1. Establishment of Gastric Organoid Culture
Note: This protocol can be used for the isolation of gastric glands from mouse or human tissue. It is advised to use tissue of approximately 1 cm². Human tissue can be obtained from gastric resections or biopsies.
2. Passage of Gastric Organoid Culture Before Microinjection.
Note: Every type of organoid culture has its own doubling time. Mouse intestinal as well as gastric cultures are usually split 1:5 every 5-7 days. Human intestinal cultures are split 1:5 every 10-12 days. Human gastric cultures are split 1:5 every 14 days. If initiated from single cells, human gastric organoids may also take 20 days to form properly. It is a good sign if budding structures surround the central lumen. In this protocol, organoids are split in 4 well plates for microinjection. Maintenance of organoids follows the same protocol, but can use any other cell culture plate, such as standard 24 well cell culture plates.

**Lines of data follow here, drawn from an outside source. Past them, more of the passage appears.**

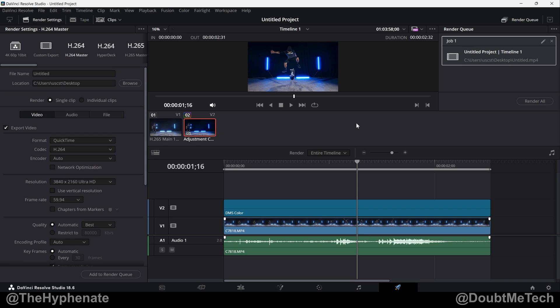Hopefully this video helped you. If it did, please drop a like on this video, drop a comment below if you have any questions, and if you're interested in more DaVinci Resolve tutorials, we do have a playlist on this channel. Thank you guys for watching, I'll catch you guys on the next one. Peace.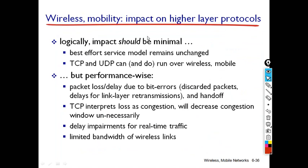The last concept is how mobility impacts higher-layer protocols — specifically TCP and UDP. TCP and UDP run over wireless or mobile networks, but performance is affected by packet loss and delay due to bit errors, discarded packets, delays from link layer retransmission, and handoff. TCP interprets packet loss as congestion and unnecessarily decreases the congestion window. There is also delay for real-time traffic such as voice and video, and limited bandwidth of the wireless link — all of which negatively affect higher-layer protocols.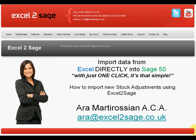Hello and welcome to this presentation of Excel to Sage. My name is Ara Martirossian. I'm going to show you how to import stock adjustments into Sage 50 from Excel using Excel to Sage with just one click.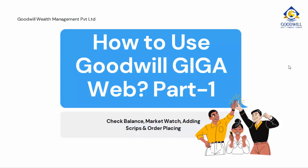Hello everyone and welcome to part 1 of our video series on how to use Goodwill GigaWeb. In today's video,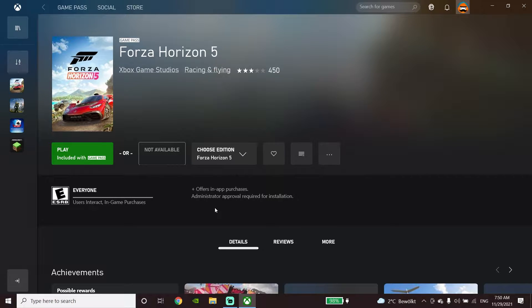Hello everybody, welcome to the Kishkin. In today's video I'm going to show you how to fix Forza Horizon 5 not downloading or not installing on Xbox app.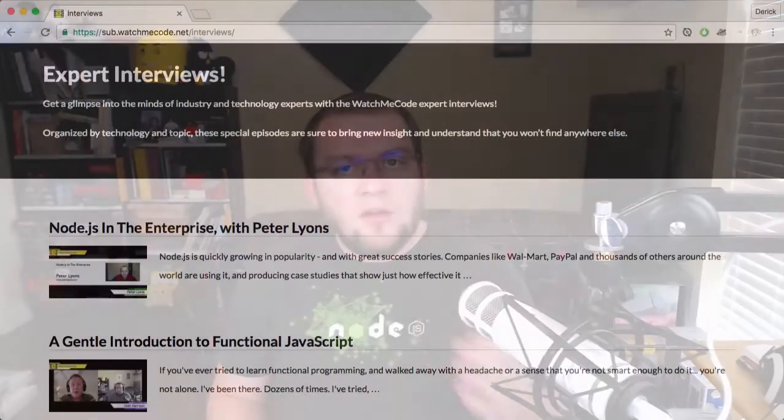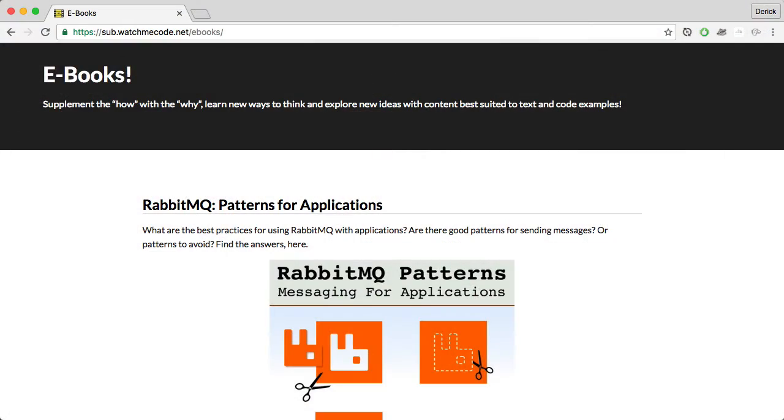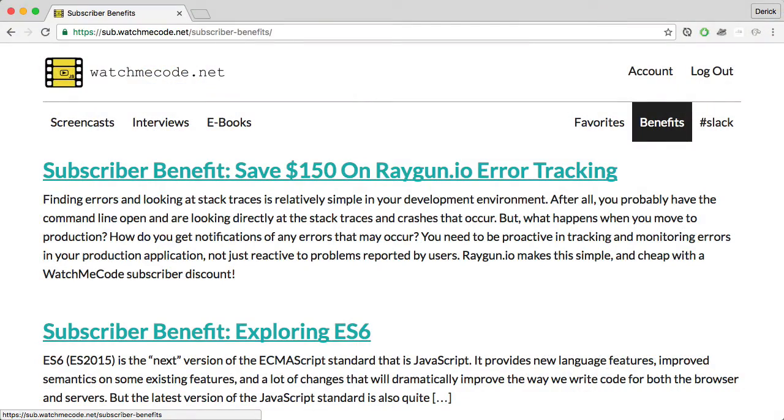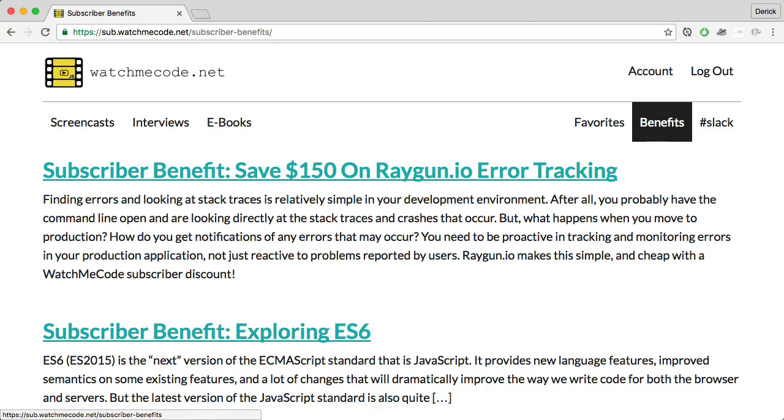There's a lot to Watch Me Code. There are the screencasts, of course, but there are also the interviews where I bring in industry experts and talk to them about their subject matter — whether it's security in Node.js, deployment and production with RabbitMQ, functional programming, or other subjects coming up in the future. There's also access to e-books I've written over the years, provided as part of your all-access membership, plus benefits where I provide discounts to other products and services that will help you in your production life and give you more information beyond what's in the screencasts.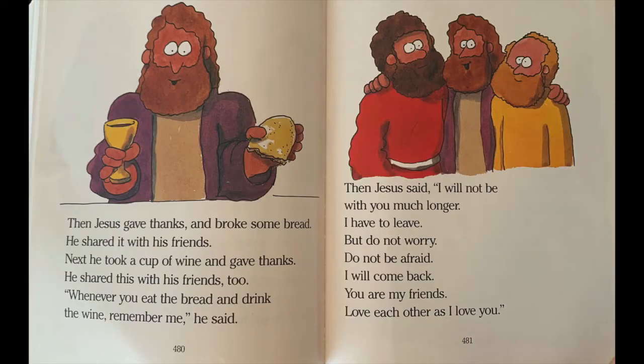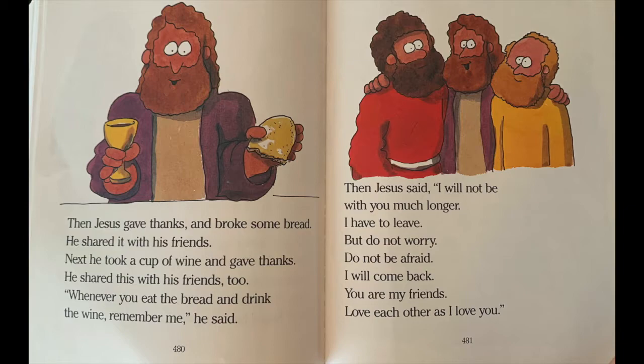Then Jesus gave thanks and broke some bread. He shared it with his friends. Next, he took a cup of wine and gave thanks. He shared this with his friends too. 'Whenever you eat the bread and drink the wine, remember me,' he said. Then Jesus said, 'I will not be with you much longer. I have to leave, but do not worry. Do not be afraid. I will come back. You are my friends. Love each other as I love you.'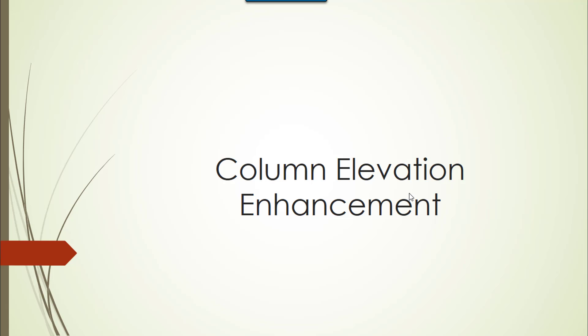Next we jump over to the column elevation enhancement. As per the IS 13920 specification, which says that in the lapping zone of the column, the spacing has to be a maximum of 150 mm, or if the ductile zone is merging with the lapping zone, the spacing calculated for ductile zone to be provided in the lapping zone.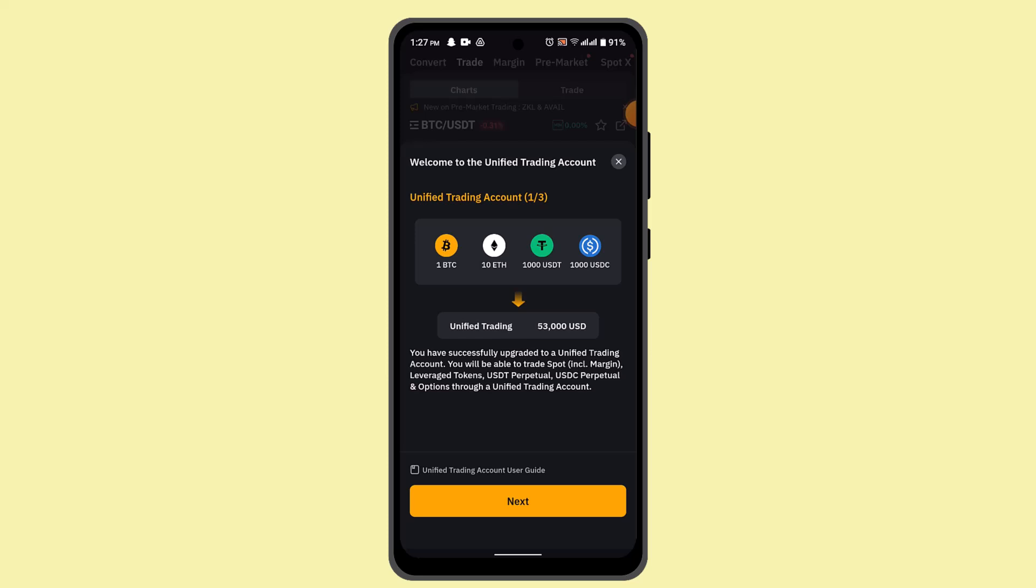By understanding and using market, limit, and conditional orders, you can effectively manage your trades on Bybit. Each order type has its own use cases and can be chosen based on your trading strategy and market conditions. That is how you can place a trade order on Bybit.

3. Microinjection of Organoid Culture.
Note: This protocol can be used to microinject bacteria into organoids. It may be helpful to start the injection with organoids that are more permissive to microinjection. For example, mouse gastric organoids can grow into very large cystic organoids that are easy to target.
This protocol allows isolation of gastric glands (Figure 2). Glands are seeded into basement matrix, which solidifies as drop within a well, providing a 3 dimensional framework rich in laminin and collagen to allow the glands grow into organoids (Figure 3). Organoids typically start as small cysts and within 12-16 days, they expand into spheres with a diameter of 50-300 µm (Figure 4). Some organoids will stay cystic, some will develop small buddings. The latter is usually a sign of a healthy growing culture. In this protocol one well of a 24 well plate is used for 100 glands, 50 µl of basement matrix and 500 µl of medium. However, this can be up- or downscaled.
The success of the microinjection can readily be observed under the stereomicroscope as the cloudy, bacterial solution fills the organoid (Figure 5). After adequate incubation time, organoids can be processed for any analysis method desired. For example, organoids can be embedded in paraffin, sections can be cut and stained using standard immunohistochemistry techniques. Microscopic analysis of immunostained organoids demonstrate successful injection of the bacteria (Figure 6).
Figure 1. Image of Pasteur pipette used for passage of organoids. In each panel, the upper pipette is before, the lower pipette after narrowing by fire. Scale in upper and right panels is cm and mm. Please click here to view a larger version of this figure.
Figure 2. Representative image of isolated human gastric glands. Scale bar 100 µm. Please click here to view a larger version of this figure.
Figure 3. Scheme of wells and representative image of human gastric organoids. Isolated human gastric glands were dispensed in basement matrix and placed as drops into wells of a 24 well plate. Lower left: Overview of a representative well 11 days after seeding. Lower right: Enlargement of the indicated area. Scale bar 100 µm. Gastric mouse organoids expand faster18. Please click here to view a larger version of this figure.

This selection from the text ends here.